As efforts to block access to abortions fail, misinformation campaigns become ever more important to the anti-abortion movement.

By Kate Wheeling


Mary Fallin speaks at the Republican National Convention on July 18th, 2016. (Photo: Jeff Swensen/Getty Images)

Oklahoma lawmakers are forcing restaurants, hospitals, schools, and other businesses to post signs in restrooms discouraging pregnant woman from having an abortion. Today, the state board of health is mulling over regulations for the signs, which direct women to resources for pregnancy and adoption.

The new regulation is part of the state’s effort to become “an abortion-free society.” It is part of the “Humanity of the Unborn Child Act,” which was signed into law by Governor Mary Fallin in June and requires the State Department of Health to create informational materials about alternatives to abortion. The new signs would read:

There are many public and private agencies willing and able to help you carry your child to term and assist you and your child after your child is born, whether you choose to keep your child or to place him or her for adoption. The State of Oklahoma strongly urges you to contact them if you are pregnant.

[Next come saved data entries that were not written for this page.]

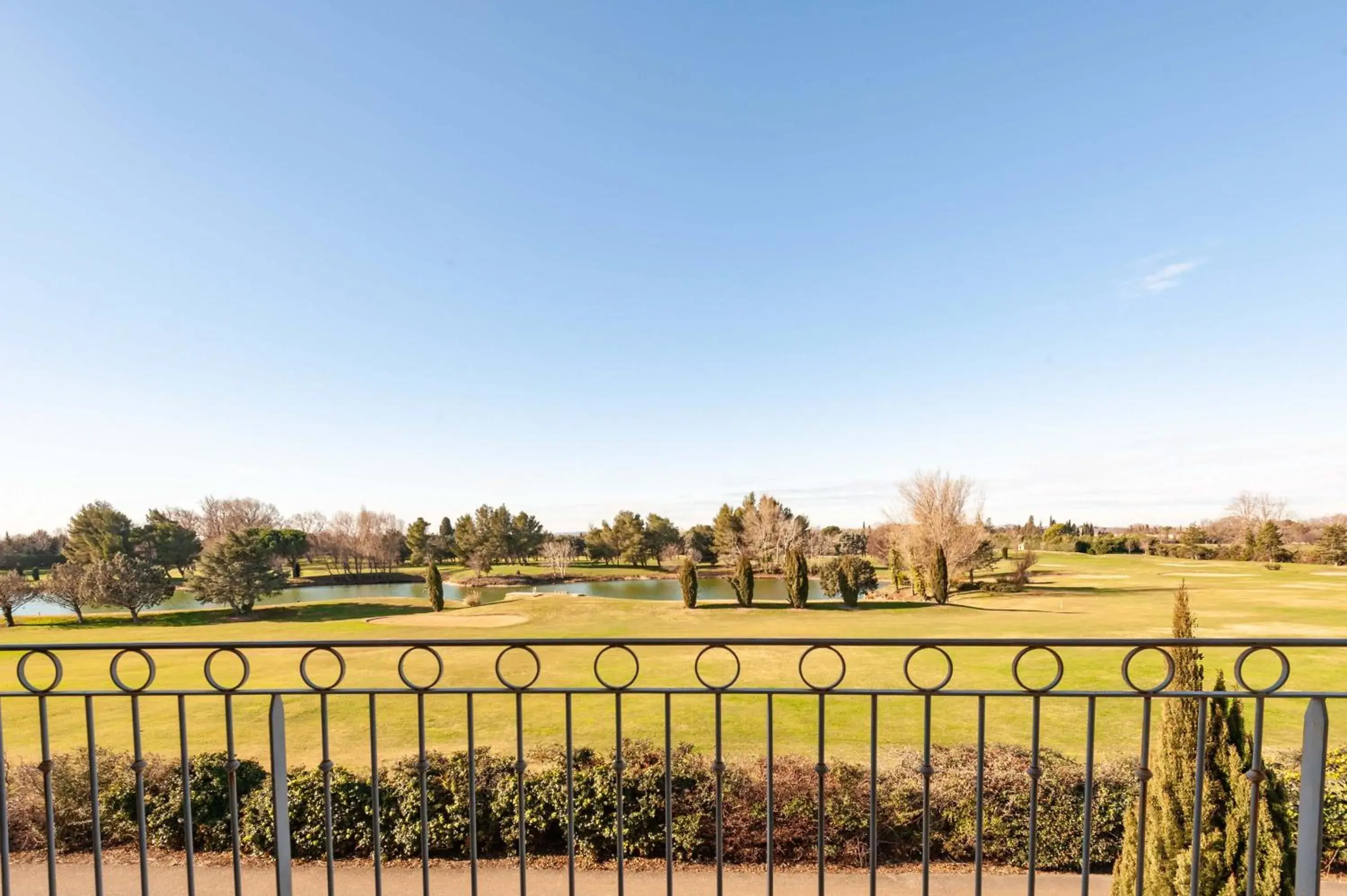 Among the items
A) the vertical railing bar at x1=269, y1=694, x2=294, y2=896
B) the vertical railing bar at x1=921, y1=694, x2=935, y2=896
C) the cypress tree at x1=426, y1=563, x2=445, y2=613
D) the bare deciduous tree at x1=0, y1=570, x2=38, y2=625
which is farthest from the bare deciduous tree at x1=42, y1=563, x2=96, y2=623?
the vertical railing bar at x1=921, y1=694, x2=935, y2=896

Oklahoma will force businesses to post the signs by January of 2018, but the legislature did not provide any funding to do so—leaving businesses to cover the roughly $2.3 million it will cost to put up the signs. The Oklahoma Hospital Association estimated that the signs will cost the state’s hospitals $225,000, according to the Associated Press.

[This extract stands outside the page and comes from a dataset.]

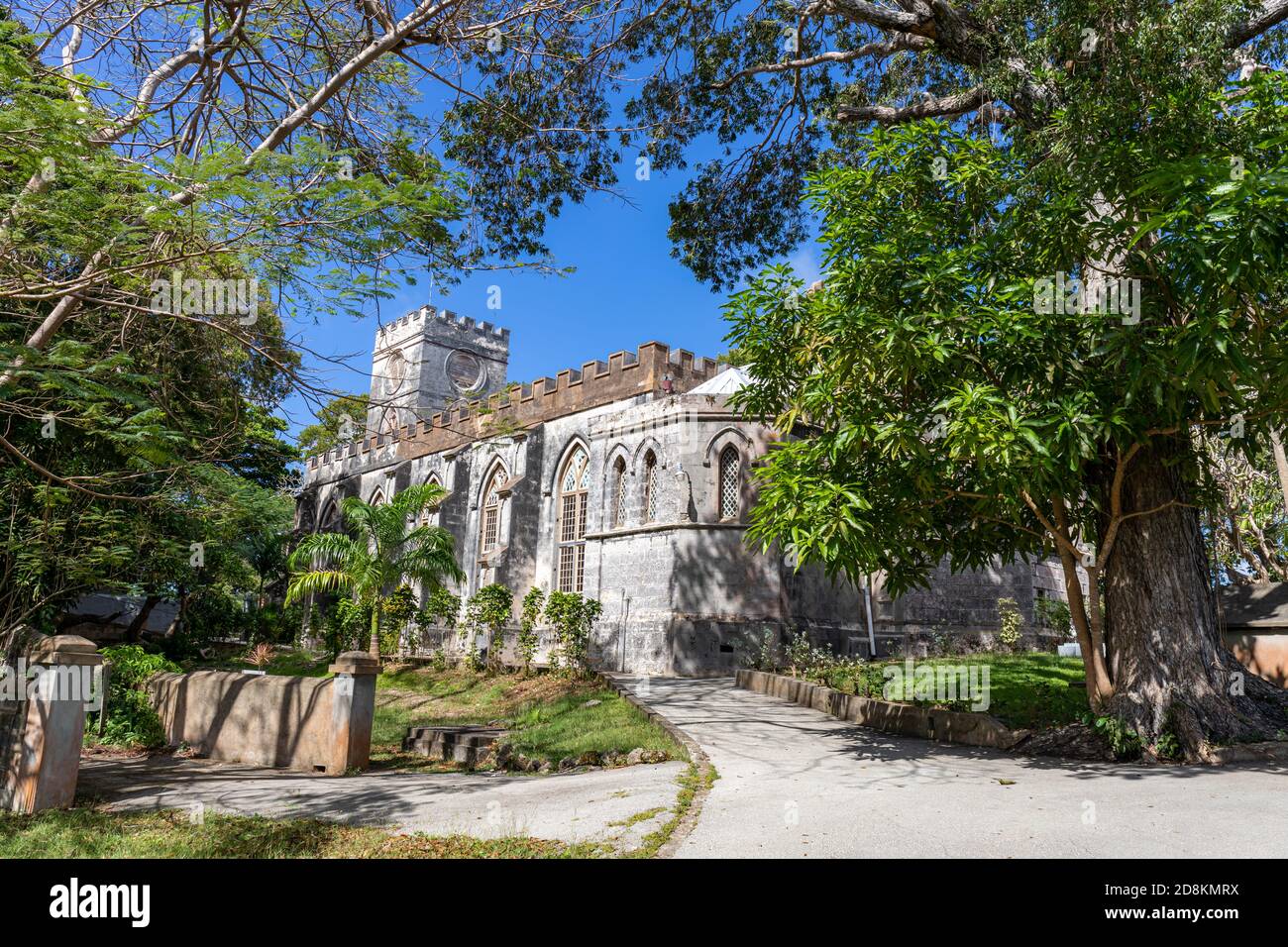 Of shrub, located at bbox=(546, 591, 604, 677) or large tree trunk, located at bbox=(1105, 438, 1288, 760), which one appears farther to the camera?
shrub, located at bbox=(546, 591, 604, 677)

As a result, some otherwise unlikely alliances have been formed between local business owners and reproductive rights groups. “We don’t have any concern about the information they’re trying to get out to women about their babies and their pregnancy,” Jim Hooper, president of the Oklahoma Restaurant Association, told the AP. “This is just the wrong way to do it. It’s just another mandate on small businesses.”

For many, the signs are more than just a financial burden—they represent a thinly veiled attack on both women’s health and reproductive rights. “This is the government using its police power to shame and stigmatize women who seek abortion care, plain and simple,” Amanda Allen, senior state legislative counsel at the Center for Reproductive Rights, said in a statement. “This is government overreach at its worst — if the state truly cared about women’s health, they would provide accurate, unbiased information about access to the full range of reproductive health care services, including contraception, prenatal care, and abortion.”

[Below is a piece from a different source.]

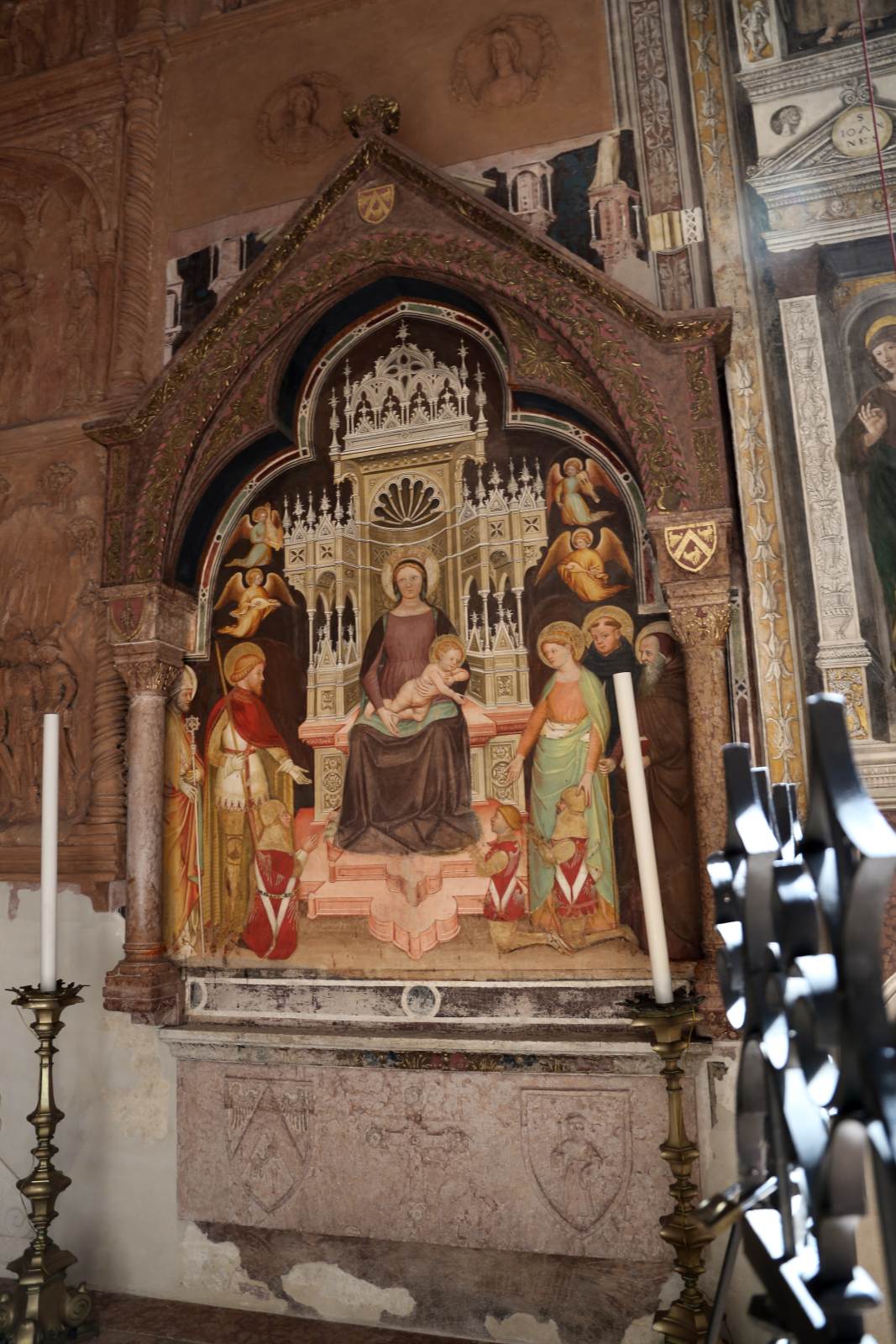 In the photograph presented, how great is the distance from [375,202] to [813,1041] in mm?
4396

Anti-abortion activists often use biased—or sometimes even factually incorrect—information to combat abortions—a constitutionally protected right. (Some states even have laws that require doctors to straight-up lie to their patients.) “While insulting, this bill is a drop in the bucket compared to all of the other attacks on abortion access Oklahoma has advanced, including a total abortion ban earlier this year,” Allen said. But, at least for now, the law appears to be on the side of reproductive rights; today, the Oklahoma Supreme Court blocked the state’s attempt to shut down abortion clinics with physicians without admitting privileges to local hospitals—a strategy pioneered by Texas.

But every win for reproductive rights in the state will make informational campaigns like the new bathroom signs even more important to Oklahoma lawmakers. If they can’t actually limit access to abortions for women in the state, they can at least try to trick them into thinking it’s not an option.